Bu iki ana ilke Türkiye Cumhuriyeti Devletinin oluşmasına temel olmuştur. Bu değerler dikkate alınmadan Türk milleti ve onun kurduğu cumhuriyet hakkında herhangi bir tasarrufta bulunma hakkı kimsede olamaz. Bu hak ne siyasi iradede, ne de bir başkasında… Kurucu felsefe kararı, milletin kendi iradesi ve verdiği can-döktüğü kan ile olmuştur. Milletin iradesi dışı zorlamalar ve ithal planlar sonuç vermez.
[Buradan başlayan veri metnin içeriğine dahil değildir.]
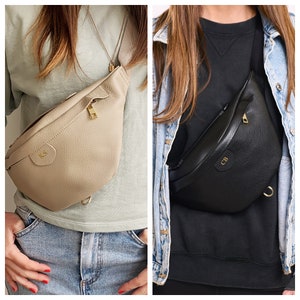 Personalised Leather Bum Bag Available in Stone or Black image 1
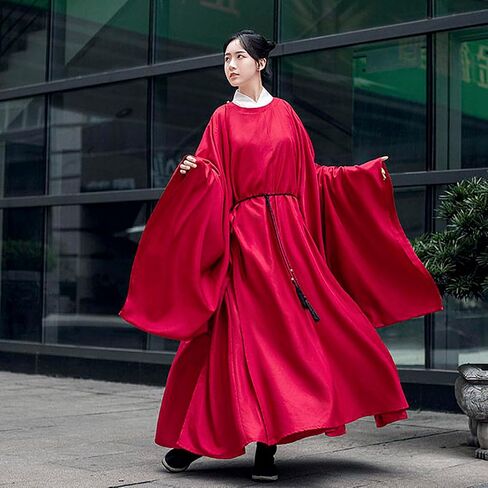 Adult Traditional Hanfu Wide Sleeve Round Neck Gown Ming Dynasty Ancient Chinese Costume in Saudi Arabia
*Anadolu’da Türk-Kürt buluşması ne zaman oldu?*

Mikro milliyetçilik (Kürtçü ayrılıkçılığın) adına konuşan ve milletin değerler bütününü tahrip etmeye çalışanların bir ana hedefi vardır, ırki anlamda “etnisist” düşünceyi geliştirmek ve yaygınlaştırmak…

Bu mikro milliyetçilik batağında yalpa yapanlar kendi ideolojilerine göre tarih yazmaya çalışırlar. Diğer bir ifade ile mikro milliyetçiliğin (Kürtçü ayrılıkçılığın) bir versiyonu olan iddialar, Anadolu ruh birliğini değil de, ırki aidiyet kriterlerini esas alırlar.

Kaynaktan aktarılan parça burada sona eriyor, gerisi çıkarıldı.